Au cours de leur vie, au moins 80 % des patients qui souffrent d’obésité seront atteints du diabète de type 2 et de maladies cardiovasculaires (maladies du cœur, maladies des vaisseaux sanguins, AVC). La résistance à l’insuline ou « insulinorésistance » est reconnue comme une cause primaire du développement du diabète et des maladies cardiovasculaires. Elle est intimement liée à l’obésité : plus un individu est obèse, plus il a de tissu adipeux entraînant une résistance à l’insuline. Plus l’obésité est importante, particulièrement au niveau abdominal, plus l’insulinorésistance est grande et plus le pancréas est surchargé et risque de flancher, ce qui cause le diabète de type 2. À cause de leur embonpoint, on estime que 40 % des Canadiens (et des Américains) seraient résistants à l’insuline et donc à risque de développer le diabète.

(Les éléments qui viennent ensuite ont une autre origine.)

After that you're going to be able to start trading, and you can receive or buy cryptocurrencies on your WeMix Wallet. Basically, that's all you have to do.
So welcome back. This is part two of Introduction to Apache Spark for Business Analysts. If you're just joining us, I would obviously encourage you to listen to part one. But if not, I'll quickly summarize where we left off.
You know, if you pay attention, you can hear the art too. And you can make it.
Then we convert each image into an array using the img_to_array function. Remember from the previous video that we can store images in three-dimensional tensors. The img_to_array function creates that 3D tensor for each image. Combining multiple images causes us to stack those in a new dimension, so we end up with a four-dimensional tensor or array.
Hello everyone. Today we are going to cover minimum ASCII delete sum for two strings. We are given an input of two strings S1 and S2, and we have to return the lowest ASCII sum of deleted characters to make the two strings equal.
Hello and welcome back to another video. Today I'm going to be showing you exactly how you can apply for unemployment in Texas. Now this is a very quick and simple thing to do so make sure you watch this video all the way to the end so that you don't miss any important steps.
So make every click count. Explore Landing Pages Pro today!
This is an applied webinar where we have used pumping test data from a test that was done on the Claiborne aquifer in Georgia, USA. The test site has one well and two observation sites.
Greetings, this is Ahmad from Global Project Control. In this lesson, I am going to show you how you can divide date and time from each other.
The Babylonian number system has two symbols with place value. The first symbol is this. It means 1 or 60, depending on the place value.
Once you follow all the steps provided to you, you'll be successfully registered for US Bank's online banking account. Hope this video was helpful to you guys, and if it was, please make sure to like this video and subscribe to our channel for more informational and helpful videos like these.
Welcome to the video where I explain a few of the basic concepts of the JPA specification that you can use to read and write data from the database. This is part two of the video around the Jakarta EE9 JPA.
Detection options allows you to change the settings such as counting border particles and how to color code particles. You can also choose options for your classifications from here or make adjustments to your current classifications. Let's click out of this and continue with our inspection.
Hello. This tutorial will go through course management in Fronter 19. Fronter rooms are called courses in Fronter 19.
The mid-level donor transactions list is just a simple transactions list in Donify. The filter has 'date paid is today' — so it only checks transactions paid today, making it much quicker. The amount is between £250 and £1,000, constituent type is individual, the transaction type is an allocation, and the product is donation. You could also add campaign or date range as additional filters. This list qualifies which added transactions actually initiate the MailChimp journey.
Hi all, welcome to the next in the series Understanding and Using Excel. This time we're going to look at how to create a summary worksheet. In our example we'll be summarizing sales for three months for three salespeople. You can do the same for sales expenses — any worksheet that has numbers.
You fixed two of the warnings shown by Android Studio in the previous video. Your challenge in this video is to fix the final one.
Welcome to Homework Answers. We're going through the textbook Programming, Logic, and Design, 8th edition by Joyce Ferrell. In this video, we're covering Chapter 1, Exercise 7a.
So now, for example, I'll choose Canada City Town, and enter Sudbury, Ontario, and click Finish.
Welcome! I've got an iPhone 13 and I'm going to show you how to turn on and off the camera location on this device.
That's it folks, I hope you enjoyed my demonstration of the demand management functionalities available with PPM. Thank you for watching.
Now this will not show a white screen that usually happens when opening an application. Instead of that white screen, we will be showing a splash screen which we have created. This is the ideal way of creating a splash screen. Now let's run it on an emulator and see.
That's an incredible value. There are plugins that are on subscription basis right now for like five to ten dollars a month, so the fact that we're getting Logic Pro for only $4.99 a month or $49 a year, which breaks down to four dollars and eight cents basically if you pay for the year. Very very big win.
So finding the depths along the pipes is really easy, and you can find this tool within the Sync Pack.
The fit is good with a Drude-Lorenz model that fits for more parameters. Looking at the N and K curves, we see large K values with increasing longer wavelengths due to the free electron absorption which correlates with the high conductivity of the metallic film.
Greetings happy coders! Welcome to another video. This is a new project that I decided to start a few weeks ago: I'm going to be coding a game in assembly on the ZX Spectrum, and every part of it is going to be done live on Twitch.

Le chaînon manquant : la réponse pourrait être dans le tissu adipeux

Le titulaire de la Chaire, le docteur André Marette, un expert des mécanismes moléculaires et physiologiques de l’insulinorésistance, du diabète et des maladies cardiovasculaires, explique : « Le tissu adipeux - qui est une glande au même titre que le pancréas - ne se contente pas d’entreposer les graisses. Il produit certaines protéines pro-inflammatoires qui causent la résistance à l’insuline des tissus contrôlant la glycémie (ex. : muscle, foie, vaisseaux sanguins). C’est un lien démontré entre l’obésité et le diabète mais les causes moléculaires restent inconnues. Reste à trouver ce que l’on peut faire pour contrer ce lien pathologique et son implication dans le risque élevé chez le sujet obèse diabétique de développer des complications cardiovasculaires. Nous voulons par nos recherches élucider les mécanismes par lesquels ces protéines pro inflammatoires causent le diabète et les complications cardiovasculaires, et ainsi découvrir de nouvelles avenues prometteuses de traitement pour le patient obèse diabétique. »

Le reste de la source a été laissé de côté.